Mas assistir-se-ia a uma transformação política na Índia com o aparecimento de uma corrente nacionalista, primeiro algo difusa e depois mais coerente. A imprensa foi importante para a luta do nacionalismo. Dá-se, então, início à contestação indiana face à presença britânica, através de uma elite nacionalista sobretudo urbana. Em 1885 reúne-se em Bombaim o primeiro Congresso Nacional Indiano, o qual verbalizou o descontentamento indiano como meio de exprimir as reivindicações nacionalistas indianas. A visão do Congresso insistia que os interesses do eu, casta e comunidade ficassem subordinados ao bem comum e à nação indiana. Nos primeiros tempos não questionou a continuação do governo britânico, queriam antes mais participação no conselho legislativo e uma genuína abertura do serviço civil indiano aos indianos. Pediam reformas. E desejavam trabalhar sobre a opinião pública. Mas não conseguem atrair os muçulmanos.

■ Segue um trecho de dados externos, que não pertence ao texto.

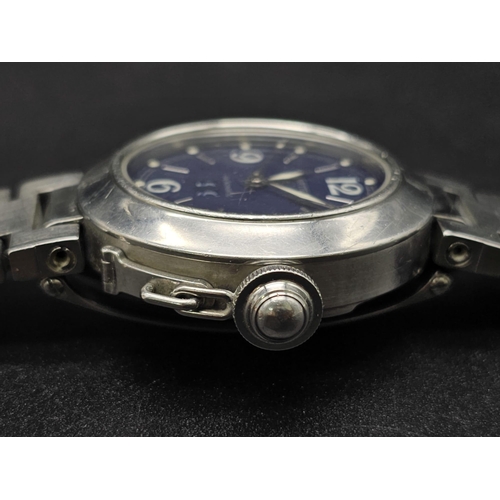 614 - A stainless steel Pasha de Cartier watch. 35 mm case with blue dial, automatic movement and Cartier ... 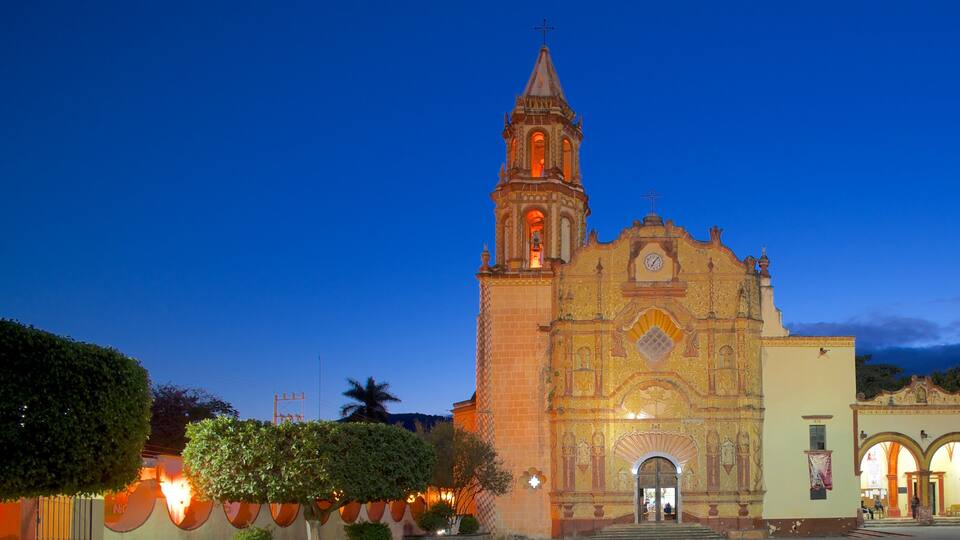 A historic church with a bell tower and ornate facade, surrounded by trees and a well-lit street.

O movimento swadeshi, passado à Índia por panfleto, imprensa e boca a boca, representava unidade e uma acção efectiva materializada no boicote à indústria britânica, sobretudo aos têxteis, e boicote às instituições governamentais de ensino.

Após a I Grande Guerra Mundial, na qual os indianos participaram, o descontentamento cresce e os nacionalistas pedem o Swaraj, o auto governo.


Entra em cena pela primeira vez Gandhi e as suas campanhas de resistência pacífica, o satyagraha, ou força da verdade, mediante boicotes, petições e actos de desobediência civil.

Os britânicos, também cansados com a guerra, lançam mão de um sistema de diarquia, dividindo as funções do governo em dois, um pelo governo central em Delhi sob controlo britânico, outro pelas províncias com algumas áreas como agricultura e educação e taxas. Mas os britânicos cometem um erro crasso ao emitirem o Rowlatt Act em 1919,  prolongando as restrições às liberdades fundamentais, como a detenção e julgamento sem júri. Esta intenção de aplicar a continuação de um estado de excepção cria hostilidade entre os indianos. Em sequência de mais uma década de luta, com o recurso a movimentos de desobediência civil, os indianos deixariam de discutir o autogoverno para passarem a pedir a independência total, o Purna Swaraj. As próximas décadas seriam dedicadas tanto a evitar os britânicos e ajustar-se a um mundo pós-colonial, como a tentar decidir a futura composição política do subcontinente entre Congresso e Liga Muçulmana. A clivagem inter comunitária e religiosa acentuava-se e seria aproveitada pelos britânicos para dividir ainda mais. Ao contrário do Congresso, que possuía uma organização já implantada, os muçulmanos estavam dispersos por uma série de partidos e a Liga não só não tinha um programa político claro como também não tinha um líder incontestado. Até que apareceu Jinnah, que juntamente com o hindu Nehru seriam as grandes figuras da independência indiana e da criação dos dois estados impendentes que foram criados após a atabalhoada e apressada partição em 1947. O Quit India deu resultado e Nehru pode fazer o seu célebre discurso a 15 de Agosto de 1947:

"Long years ago, we made a tryst with destiny. Now the time has come when we shall redeem our pledge - not wholly or in full measure - but very substantially. At the stroke of the midnight hour, when the world sleeps, India will awake to life and freedom. A moment comes, but rarely in history, when we step out from the old to the new, when an age ends, and when the soul of a nation, long suppressed, finds utterance."